By Colleen Palumbo
There has been a real interest this summer by groups of locals who have been visiting old mines in the area.
Some of those interested are right from my own family. Some of the local mines didn’t operate long and certainly none of them have operated on an ongoing basis over the years.
Many of the mines played out pretty quickly but there were some that opened and closed a number of times over the last 130 years. This information is taken directly from the Mining Report to the minister of mines for 1899. The following year, in 1900, they reported tunnelling around 800 to 900 feet.
Keep in mind when you read this that there was a time when 15 Mile Creek was called 12 Mile Creek. We have a prospectors map at the museum that shows the mines in the area and their locations in 1897, drop by to view.
Golden Mining Division Report from 1899 – Golden Mining Division
The Certainty, Porphyry, and Iron Hill Groups are owned by the Certainty Golden and Mining Company of Quebec. The following information was kindly provided by the manager of the company:
“The property consists of five claims. Development work was started in July last, the number of men employed varying from seven to 10. With the assistance of the government, a trail was built for a distance of two and a half miles, and the work was continued by the company, which built another two and a half miles.

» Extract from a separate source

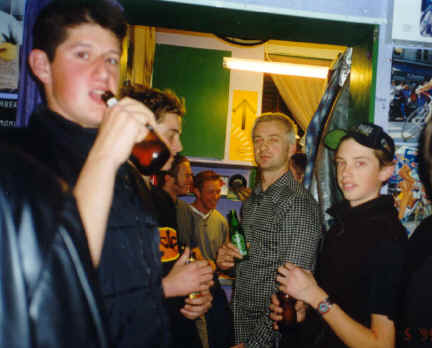 Dinsey, Jon, Beer!.jpg (83030 bytes)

The property is located on 15 Mile Creek and is distant from Golden about 15 miles, access to where the trail branches off being provided by the navigable waters of the Columbia River, or by wagon road from Golden.
The formation consists of quartzite and slate, traversed by porphyry dykes, and it is in the fissures in the quartzite, at the contact with the porphyry, that the ore deposits occur.
The altitude of the property is about 8,000 feet above sea level.
Work continued steadily all summer, and as winter came on, supplies were put in to enable development to be prosecuted during the winter months, full provisions being made to carry the camp on until July next.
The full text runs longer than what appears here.